PROMPT:
Restate word for word the lines below from the one that has "طقم كيمونو مطبوع" through the one that has "Garden Hoops for Raised Beds 60pcs + Clips", keeping both and dropping all pictures.

EXERCISE MATERIALS:
------------------------------------------------------------
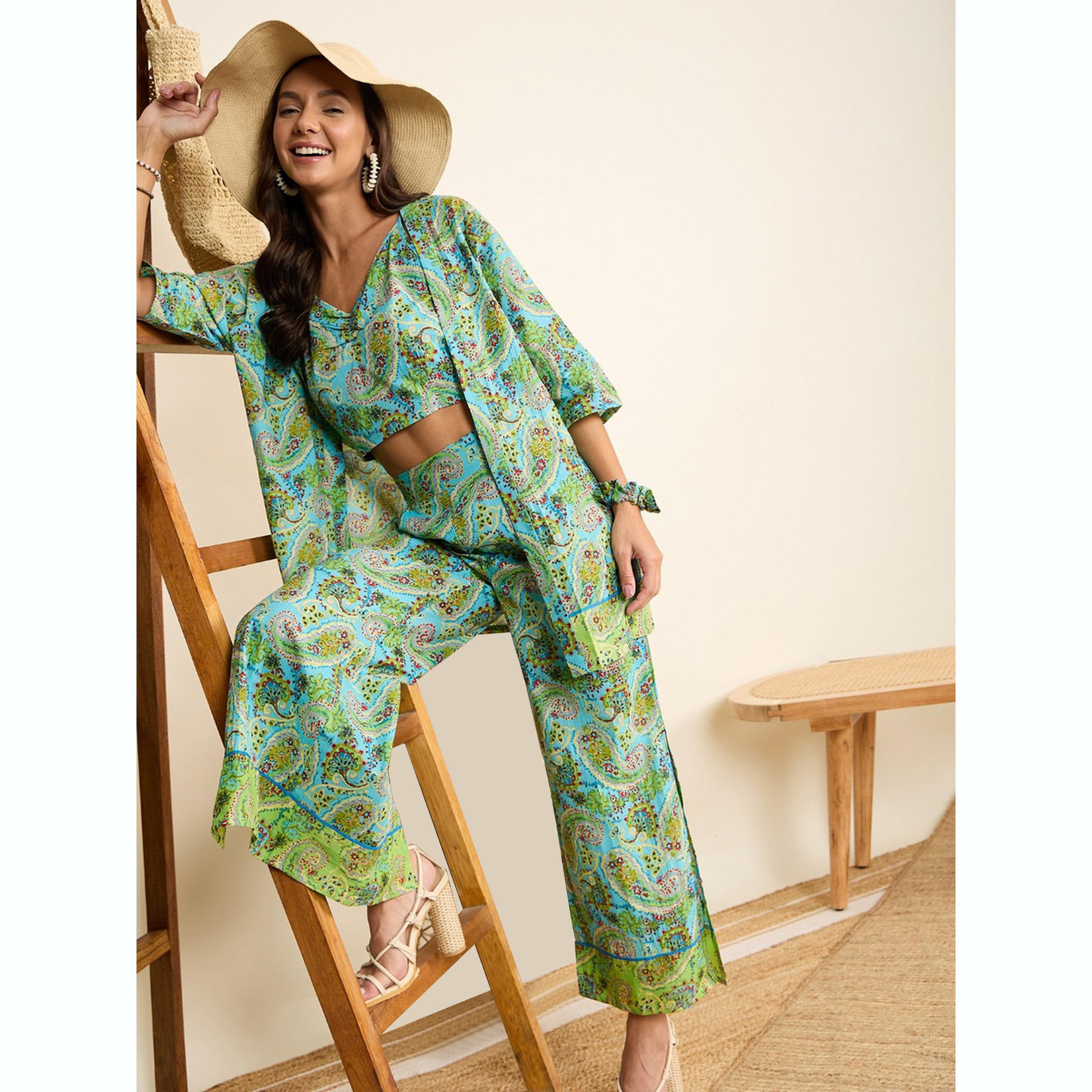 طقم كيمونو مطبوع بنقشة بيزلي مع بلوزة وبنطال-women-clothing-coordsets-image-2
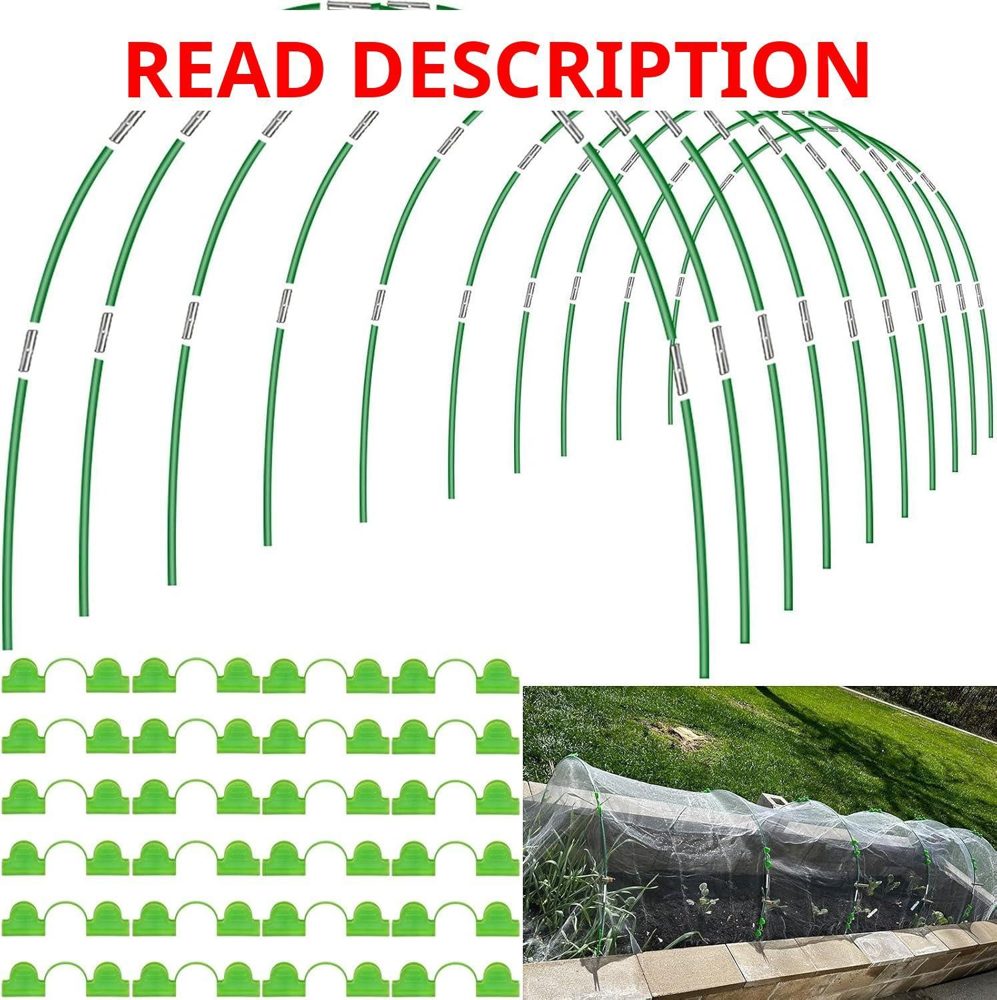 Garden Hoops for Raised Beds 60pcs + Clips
------------------------------------------------------------
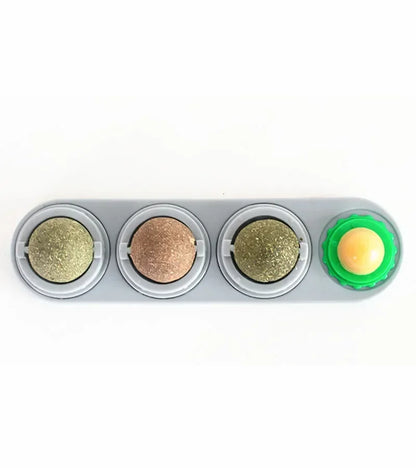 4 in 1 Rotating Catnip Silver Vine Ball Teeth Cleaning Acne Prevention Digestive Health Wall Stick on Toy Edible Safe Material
------------------------------------------------------------
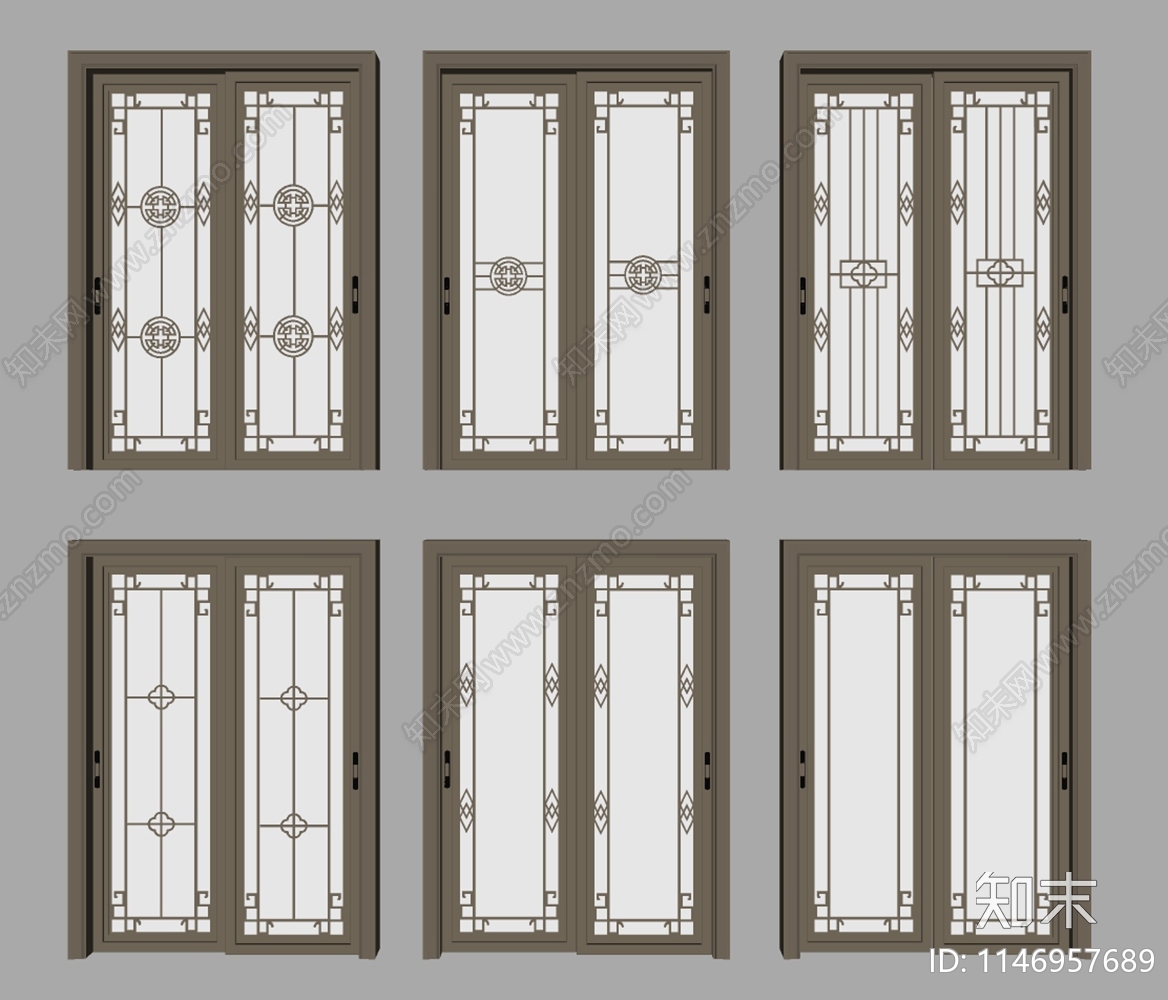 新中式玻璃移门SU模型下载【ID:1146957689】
------------------------------------------------------------
EXPECTED ANSWER:
 طقم كيمونو مطبوع بنقشة بيزلي مع بلوزة وبنطال-women-clothing-coordsets-image-2
 Garden Hoops for Raised Beds 60pcs + Clips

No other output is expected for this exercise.